◆ Exercise directions ◆
The answer is to be all of the data below, reproduced exactly.

Start of Dataset content

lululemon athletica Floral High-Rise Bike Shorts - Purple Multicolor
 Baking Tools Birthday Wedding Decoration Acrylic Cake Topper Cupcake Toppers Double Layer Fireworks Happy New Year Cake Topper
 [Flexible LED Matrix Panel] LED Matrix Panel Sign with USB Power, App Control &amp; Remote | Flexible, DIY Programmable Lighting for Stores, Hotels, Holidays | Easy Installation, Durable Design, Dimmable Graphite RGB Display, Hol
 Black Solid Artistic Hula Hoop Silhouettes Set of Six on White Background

End of Dataset content

◆ Response area ◆
lululemon athletica Floral High-Rise Bike Shorts - Purple Multicolor
 Baking Tools Birthday Wedding Decoration Acrylic Cake Topper Cupcake Toppers Double Layer Fireworks Happy New Year Cake Topper
 [Flexible LED Matrix Panel] LED Matrix Panel Sign with USB Power, App Control &amp; Remote | Flexible, DIY Programmable Lighting for Stores, Hotels, Holidays | Easy Installation, Durable Design, Dimmable Graphite RGB Display, Hol
 Black Solid Artistic Hula Hoop Silhouettes Set of Six on White Background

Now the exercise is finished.